> TASK BRIEF:
Drop every picture, then print the rest of the listing exactly as given.

> DATA PROVIDED:
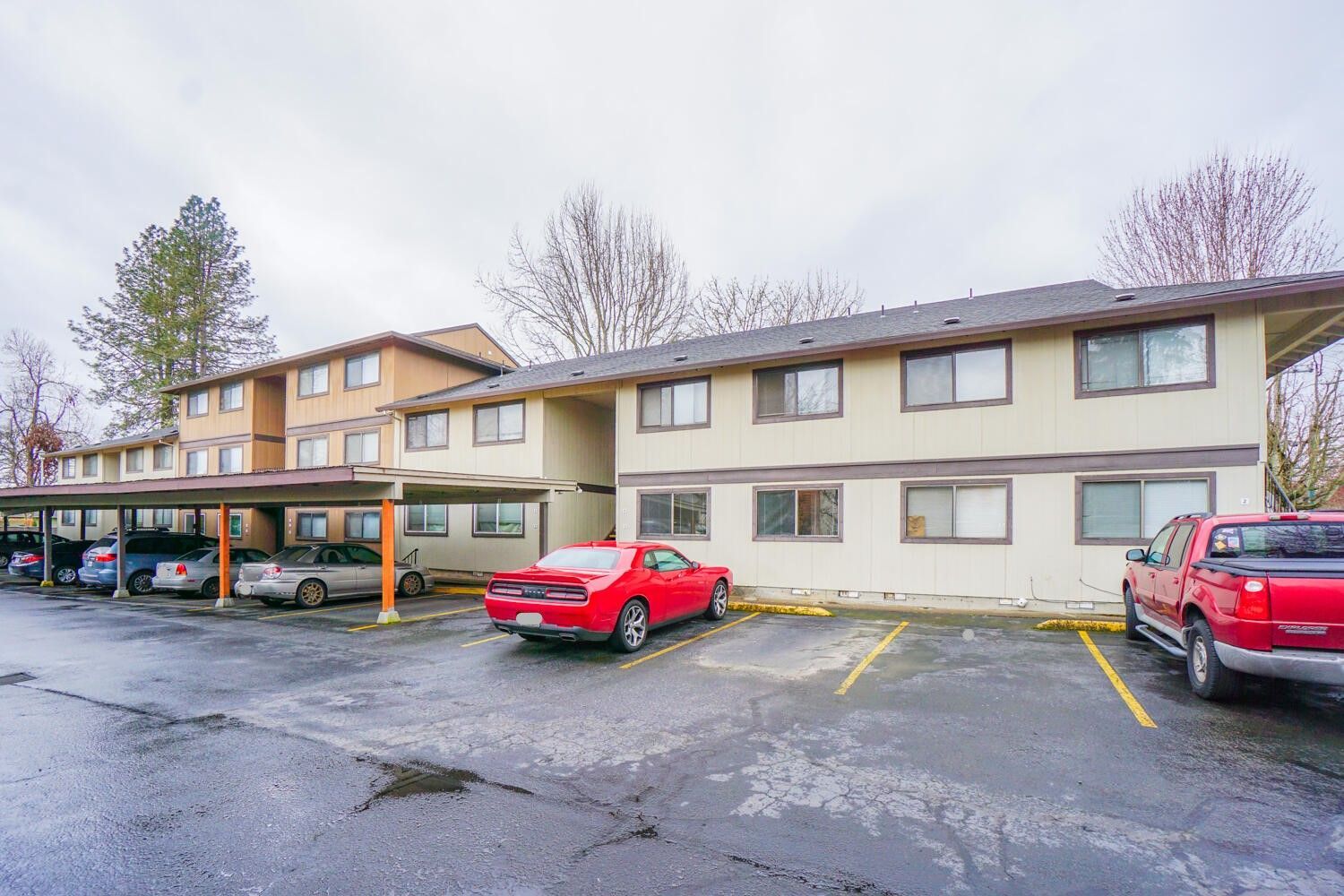 A large apartment building with a lot of cars parked in front of it.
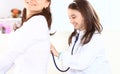 Little girl with her mother played in doctors. Royalty Free Stock Photo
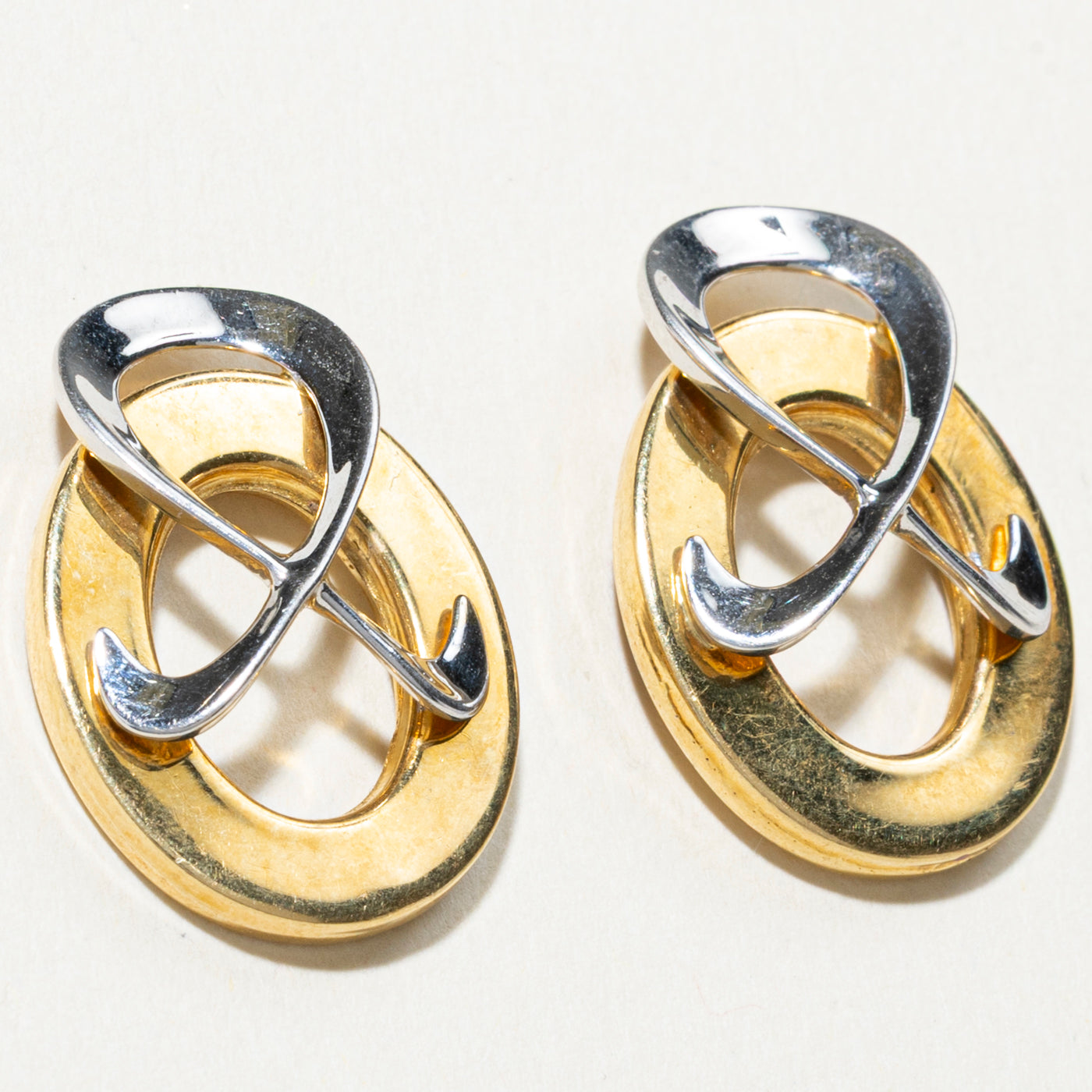 Boucles d'oreilles clous géométriques bicolores en or 18 carats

> RESULT OF THIS TASK:
 A large apartment building with a lot of cars parked in front of it.
 Little girl with her mother played in doctors. Royalty Free Stock Photo
 Boucles d'oreilles clous géométriques bicolores en or 18 carats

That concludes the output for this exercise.